Unfortunately, President Lincoln was cut down by an assassin’s bullet before he could see the ratification of the Fourteenth Amendment to the Constitution of the United States in 1868, which continues to guarantee the civil liberties of citizens up until this present day. The Eleventh Amendment, commonly referred to as the Due Process Clause of the Constitution, specifically provides that:

All persons born or naturalized in the United States, and subject to the jurisdiction thereof, are citizens of the United States and of the State wherein they reside. No State shall make or enforce any law which shall abridge the privileges or immunities of citizens of the United States; nor shall any State deprive any person of life, liberty, or property, without due process of law; nor deny to any person within its jurisdiction the equal protection of the laws.
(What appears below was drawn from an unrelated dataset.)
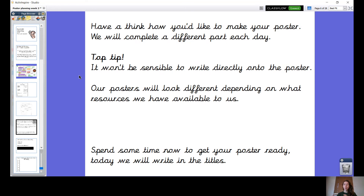Top tip: what I wouldn't do is write directly onto the piece of paper you want to be the poster, because you're going to run out of room and it's just not going to be organised in the way we want. So we need to make a decision now. One option is to create your poster on a Word document, but you need to know a few things about Word in order to do it, or you need to have some adult help. The other option is to do it on a PowerPoint, but again you need to know a lot about how to use PowerPoint or have an adult available to help.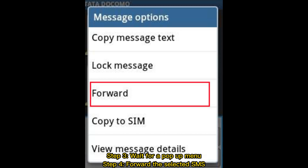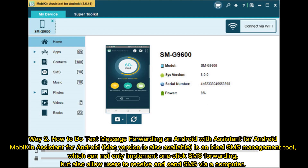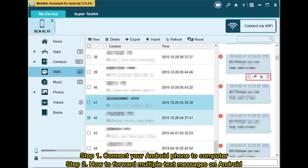Way two: How to do text message forwarding on Android with MobiKin Assistant for Android. A Mac version is also available. It is an ideal SMS management tool which can not only implement one-click SMS forwarding, but also allow users to receive and send SMS via computer. Step one: connect your Android phone to your computer.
On June 26, 2015, the United States Supreme Court invoked the Fourteenth Amendment in the landmark Obergefell v. Hodges decision in holding that the Law of the Land is now that all states are required to grant same-sex marriages and recognize same-sex marriages lawfully performed in other states.  In writing for the majority in the 5-4 ruling, Justice Anthony Kennedy wrote:

“No union is more profound than marriage, for it embodies the highest ideals of love, fidelity, devotion, sacrifice, and family. In forming a marital union, two people become something greater than once they were. As some of the petitioners in these cases demonstrate, marriage embodies a love that may endure even past death. It would misunderstand these men and women to say they disrespect the idea of marriage. Their plea is that they do respect it, respect it so deeply that they seek to find its fulfillment for themselves. Their hope is not to be condemned to live in loneliness, excluded from one of civilization’s oldest institutions. They ask for equal dignity in the eyes of the law. The Constitution grants them that right.”

On this July 4, 2015, please take a moment to remember the countless Americans who have fought, since our Nation’s birth with the signing of the Declaration of Independence two hundred and thirty nine years ago, to preserve the liberties we enjoy today.   As citizens of this great country we cannot never forget to live the words written by one of this nation’s founding fathers, Thomas Jefferson, in the Declaration of Independence:  “We hold these truths to be self-evident, that all men are created equal, that they are endowed by their Creator with certain unalienable Rights, that among these are Life, Liberty and the pursuit of Happiness.”